In 2015, Ware, sent a letter stating that in 10 days, he would file a memorandum of lien against Cariboy’s property. Included was an invoice for 2014’s maintenance assessment, interest and penalties, and the 2015 maintenance assessment. The invoice totaled more than $30,000. The commonwealth alleged that the letter was a threat against Cariboy’s title to property and was thus an attempted extortion.

Ware was convicted of both charges and appeals on the basis of insufficient evidence.

No entrustment

“‘To establish the statutory crime of embezzlement under Code § 18.2-111, it is necessary to prove that the accused wrongfully appropriated to [his] use or benefit, with the intent to deprive the owner thereof, the property entrusted to [him] by virtue of [his] employment or office.’ … ‘Although the Commonwealth need not establish the existence of a formal fiduciary relationship, it must prove that the defendant was entrusted with the property of another.’ …

“[T]he annual road maintenance fees were paid to Ware, but not entrusted to him. The evidence showed, and the Commonwealth conceded to this Court during oral argument, the lot owners paid the road maintenance fees to Ware and expected from Ware his future service in maintaining the road. …  Moreover, nothing in the record suggests the lot owners expected Ware to ‘return the monies or deliver them to a third person.’ …

“Thus, whether Ware deposited the fees in his business or personal account … or created a segregated account, Ware’s dominion and control over the money was not unauthorized or wrongful. … The fees paid to Ware became his property and were not ‘property of another’ for purposes of embezzlement.

“Contrary to the Commonwealth’s argument, Ware’s transfer of $3,000 from one of his bank accounts to another was not embezzlement because Ware had unrestricted dominion and control over both accounts. The question of whether the lot owners got a ‘good deal’ for their money is an issue of contract law and not embezzlement. …

“Because the road maintenance fees were not the entrusted property of another, the court erred in denying Ware’s motion to strike the embezzlement charge.”

Attempted extortion

“Ware argues there was insufficient evidence to convict him of attempted extortion because providing legal notice of intent to file a memorandum of lien was not a wrongful threat. We agree.

“‘[T]he gravamen of extortion is wrongfully obtaining a benefit through coercion.’ … Thus, a threat to exercise a lawful method of enforcement rights, without more, does not constitute extortion.

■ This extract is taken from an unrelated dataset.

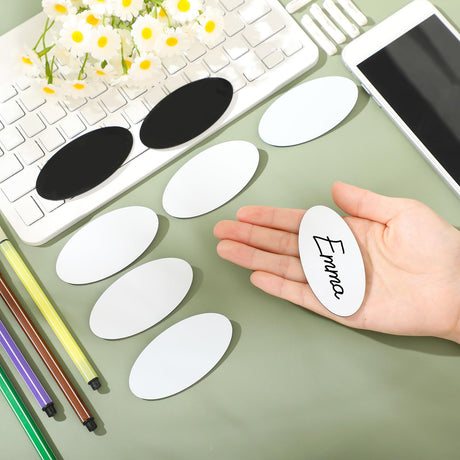 XunYee 20 Pcs Oval Name Tags with Pins 1.5 x 3 Inch Blank Name Tags DIY Name Tags Pin Back Plastic Personalized ID Name Badge for Employee Office Workers XunYee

“The quintessential example of lawful and valid exercise of enforcement rights is the use of the judicial process. …

“Here, the Commonwealth alleged that Ware’s notice of intent to place a lien on Cariboy’s property was a wrongful threat that constituted extortion. The trial court agreed and denied Ware’s motion to strike, reasoning that the letter written to Cabiroy might have been an ‘improper means to slander the title to collect money.’ The court thus reasoned that Ware’s notice of intent to place a lien could be a wrongful method of collecting the money. This was error.”

Code § 55-516(C) specifies the procedure for perfecting and enforcing a lien. Ware’s letter complied with all the statutory requirement and therefore was a “was a material and relevant statement related to a judicial proceeding and thereby enjoyed absolute privilege. … To find otherwise would suggest that any creditor who says, ‘Pay me what you owe me, or I will sue you,’ is guilty of attempted extortion.”

Reversed.

Ware v. Commonwealth, Record No. 1458-18-2, Oct. 1, 2019. CAV (Petty) from New Kent Cir. Ct. (Maxfield). Anthony G. Spencer for appellant, Eugene Murphy for appellee. VLW 019-7-166, 11 pp. Unpublished.